La decisione dei giudici comunitari potenzialmente riapre la strada alle richieste di vedersi riconosciuto reddito o pensione di cittadinanza che fin qui erano state respinte proprio per l’assenza del requisito della residenza decennale. Sono 106mila, secondo il censimento dell’Inps, ma la revisione dei parametri potrebbe almeno in teoria far presentare la domanda anche a chi fin qui non l’ha fatto.
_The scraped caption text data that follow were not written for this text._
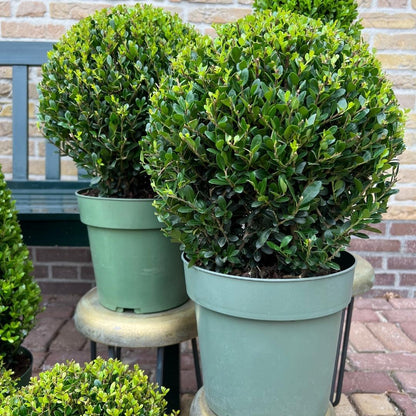 Buitenplant 2x Ilex crenata 'Jenny' Bol XL - Pot Ø 25cm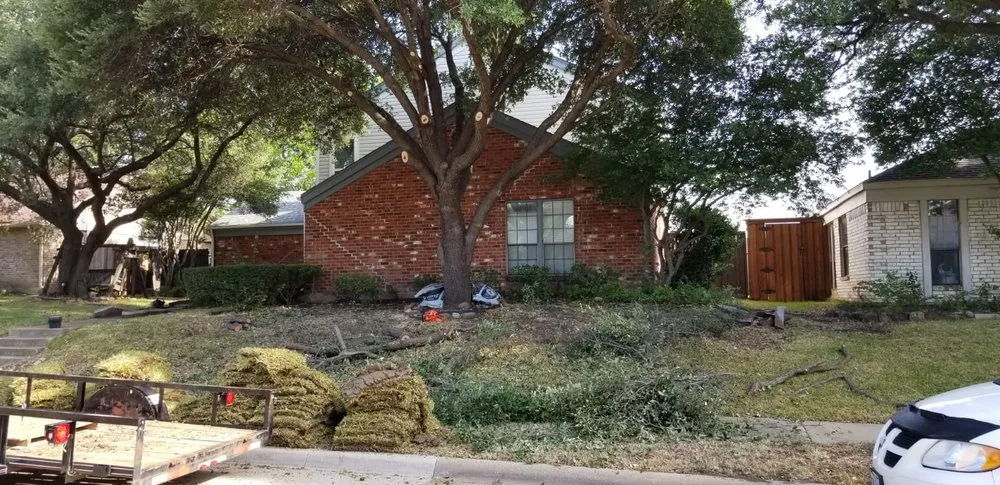 Expert yard cleanup service experts serving Plano, TX - LawnExpert Lawn and Landscape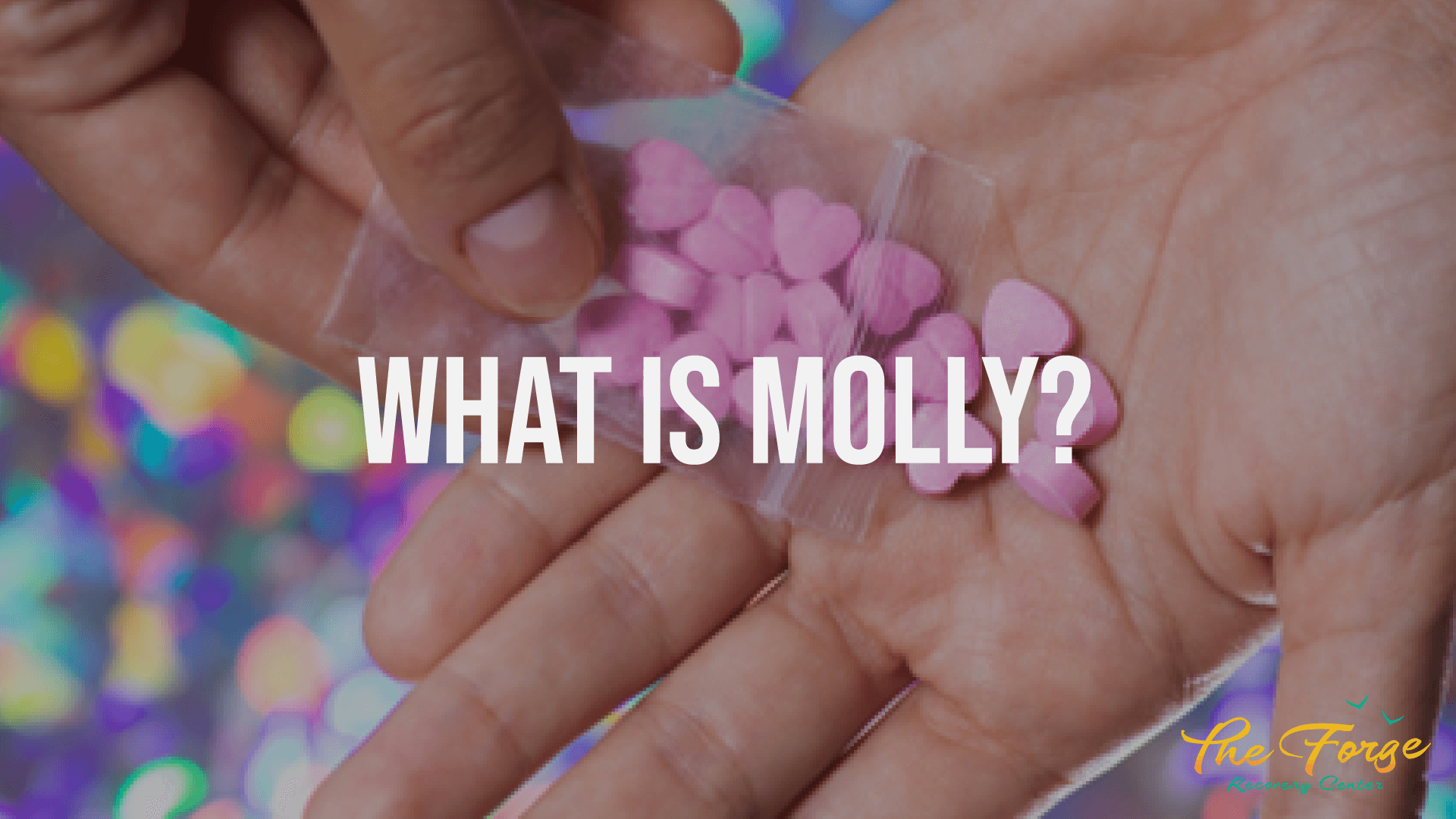 What is Molly?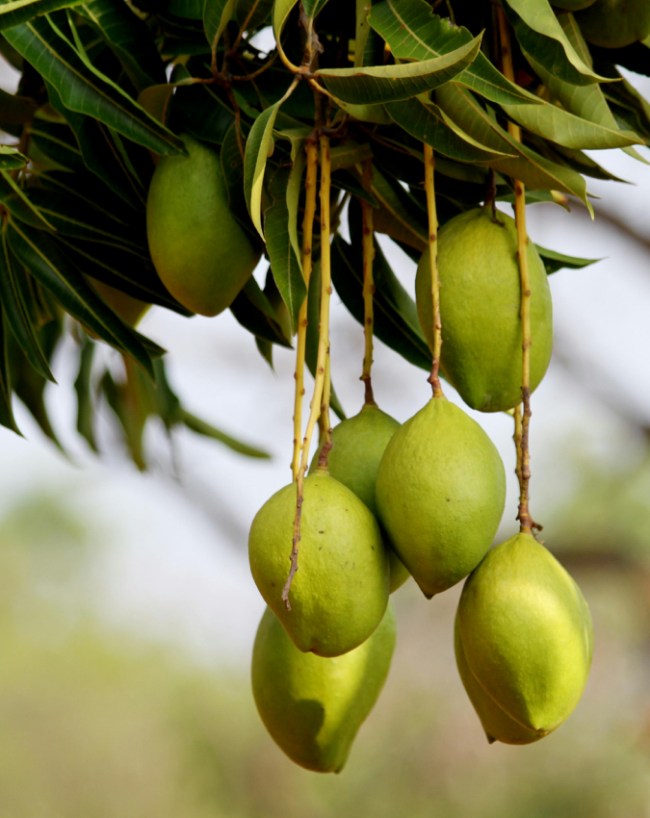 Famous Stories About Malda Mango-1-2-3-4-5-6-7-8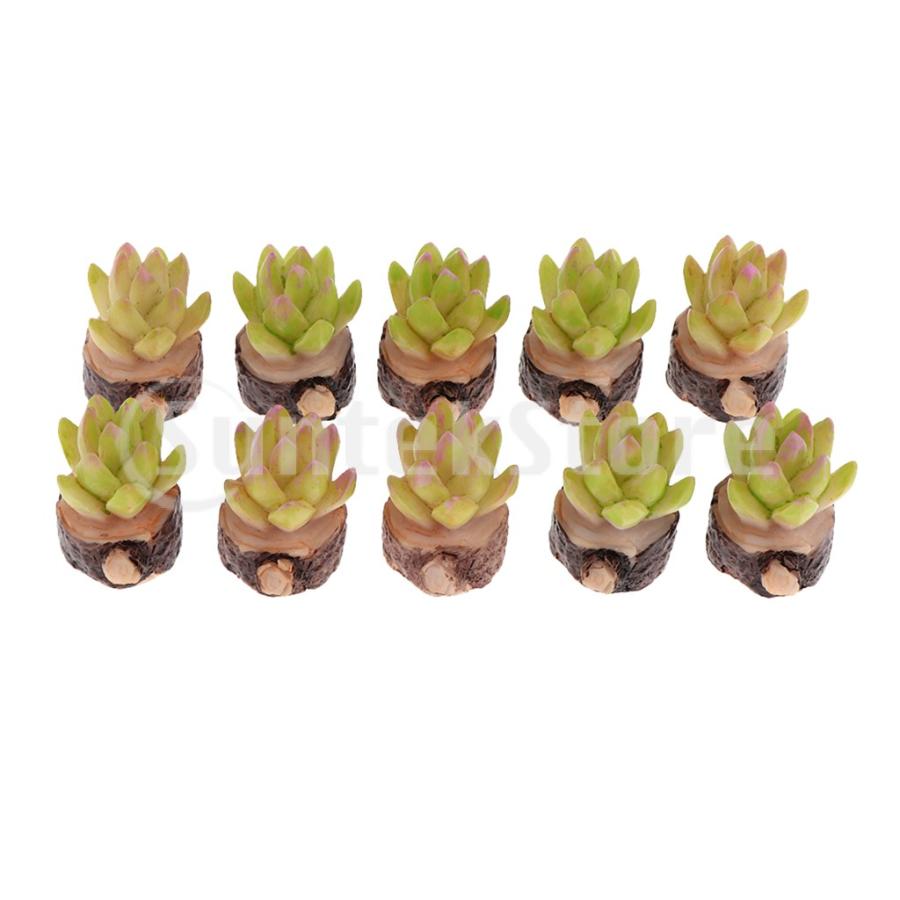 約10個 ドールハウス 初心者 樹脂工芸品 多肉植物 手作りキット ミニチュア アクセサリー 庭飾り Stkショップ 通販 Yahoo ショッピング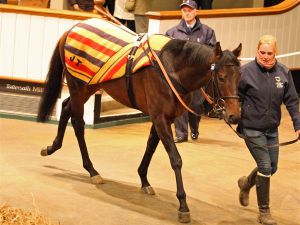 Bei 340.000 gns. fiel der Hammer für Saigon. www.tattersalls.com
La partita, però, non è ancora definita. Perché l’ultima parola spetta alla Corte costituzionale italiana, dove è pendente la questione di legittimità del requisito della cittadinanza. Su un punto simile, in realtà, i giudici della Consulta si erano già espressi nel 2022, con la sentenza 19 in cui avevano esaminato il parametro del lungo soggiorno. In quell’occasione, anzi, la Corte costituzionale aveva sottolineato che il reddito “non si risolve in una provvidenza assistenziale diretta a soddisfare un bisogno primario dell’individuo, ma persegue diversi e più articolati obiettivi di politica attiva del lavoro e di integrazione sociale”.
La Corte di giustizia ha invece accolto la definizione portata dal Tribunale di Napoli, che ha sollevato la questione vedendo nel reddito di cittadinanza una misura “essenziale” di “protezione sociale”. Sulla legittimità dei requisiti, e quindi anche sul rischio di possibili risarcimenti, l’ultima parola spetterà quindi alla Corte costituzionale italiana.